* _WHAT IS BEING ASKED_:
Every record that follows should be written out word for word; the pictures stay out.

[Data extracted from a collection]
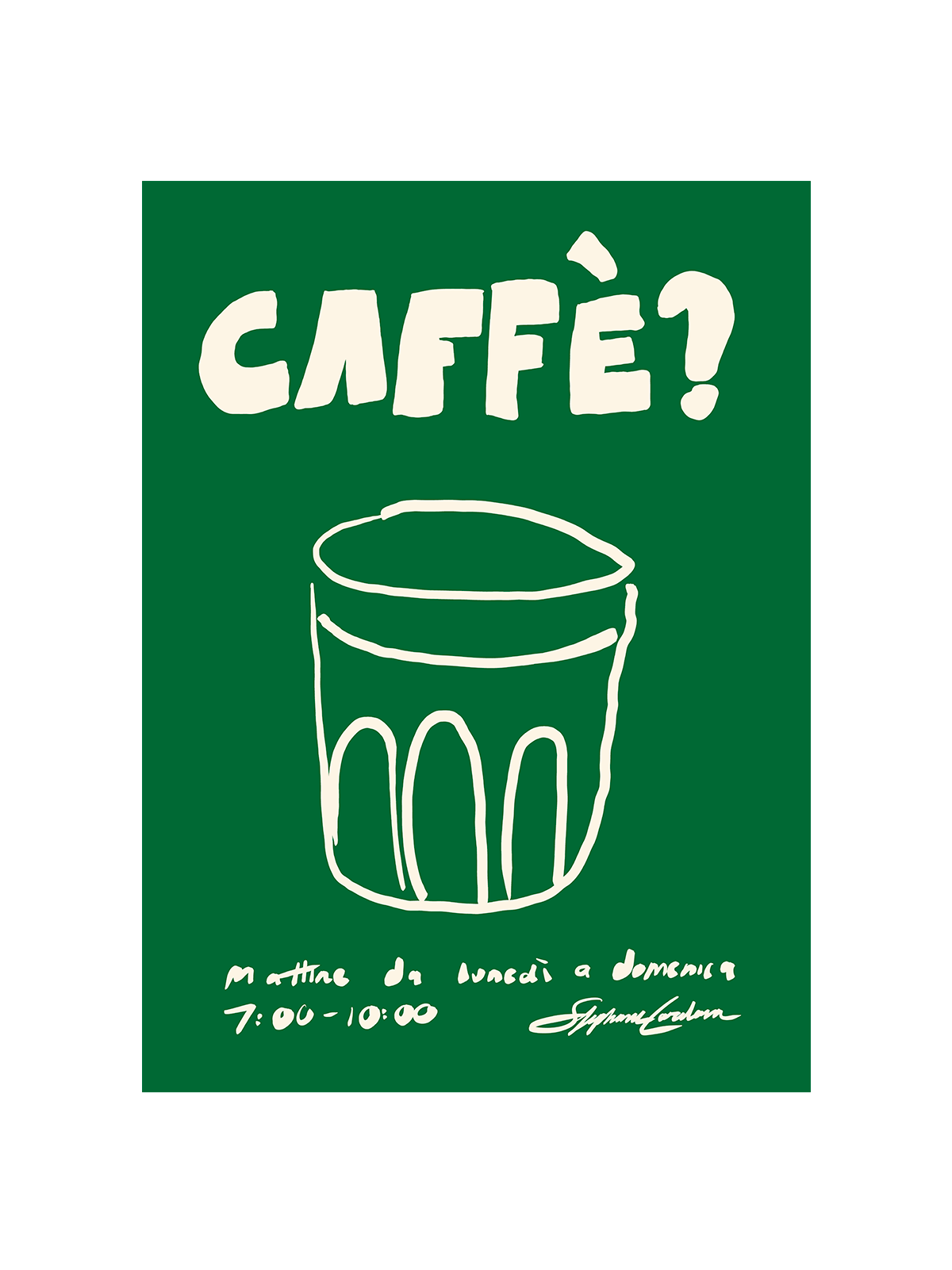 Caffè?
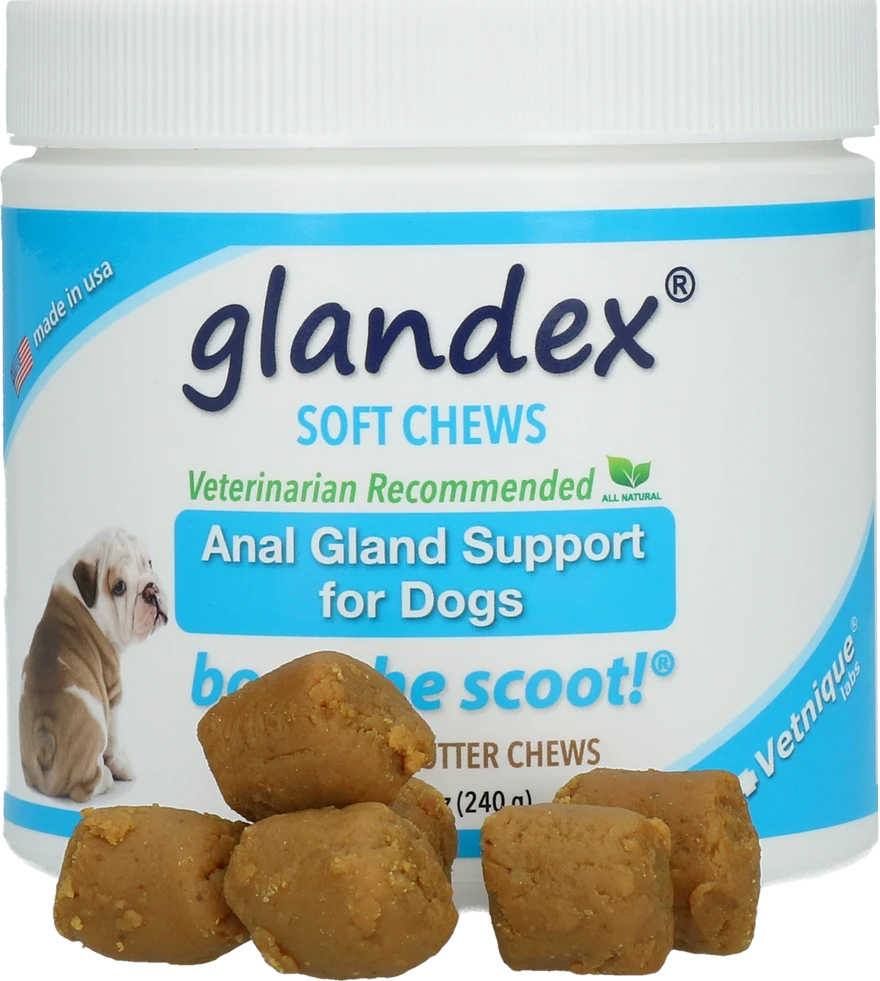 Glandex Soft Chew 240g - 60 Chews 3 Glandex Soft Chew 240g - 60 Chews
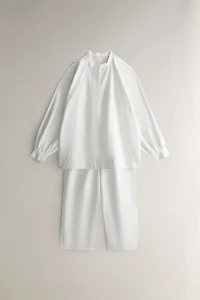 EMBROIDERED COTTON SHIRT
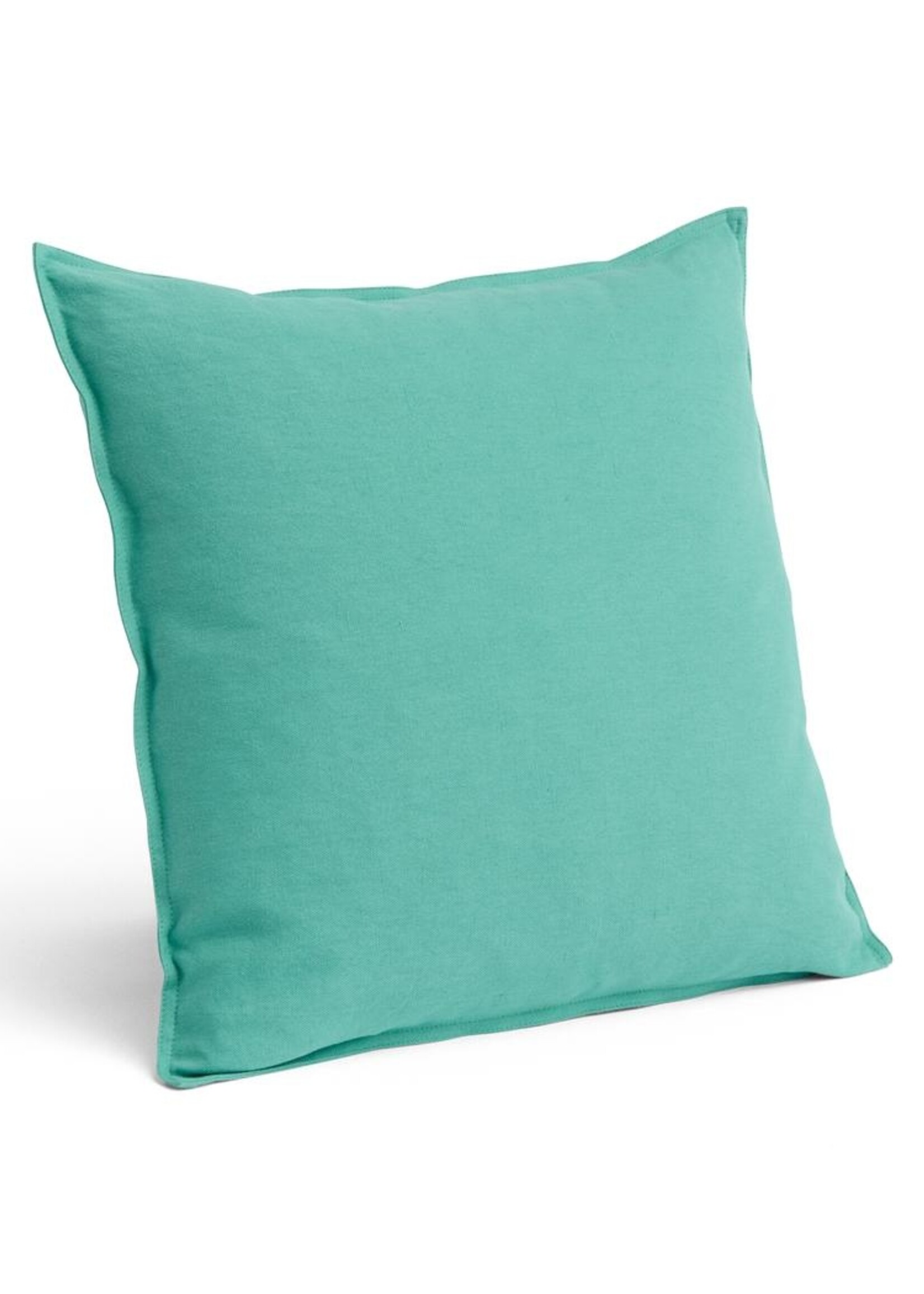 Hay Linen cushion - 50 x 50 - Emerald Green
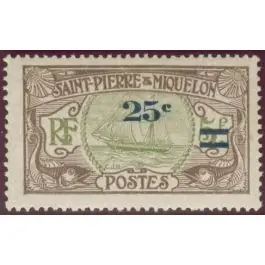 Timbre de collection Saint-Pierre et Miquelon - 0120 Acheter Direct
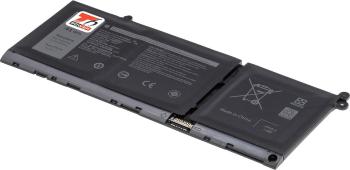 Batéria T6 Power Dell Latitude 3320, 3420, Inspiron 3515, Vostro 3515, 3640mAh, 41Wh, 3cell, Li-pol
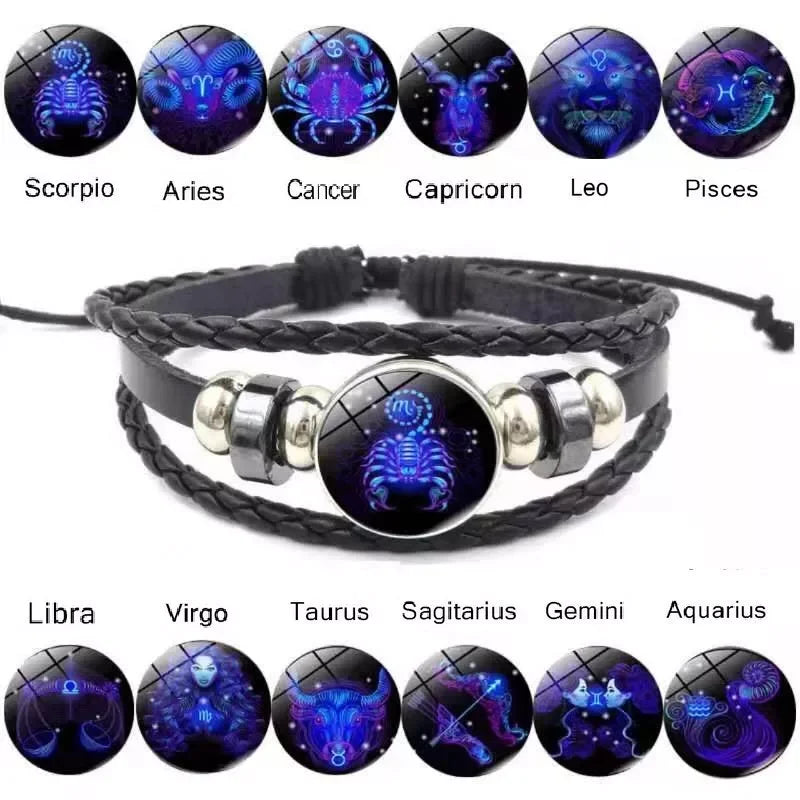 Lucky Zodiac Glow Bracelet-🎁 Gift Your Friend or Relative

* _WRITTEN RESPONSE_:
 Caffè?
 Glandex Soft Chew 240g - 60 Chews 3 Glandex Soft Chew 240g - 60 Chews
 EMBROIDERED COTTON SHIRT
 Hay Linen cushion - 50 x 50 - Emerald Green
 Timbre de collection Saint-Pierre et Miquelon - 0120 Acheter Direct
 Batéria T6 Power Dell Latitude 3320, 3420, Inspiron 3515, Vostro 3515, 3640mAh, 41Wh, 3cell, Li-pol
 Lucky Zodiac Glow Bracelet-🎁 Gift Your Friend or Relative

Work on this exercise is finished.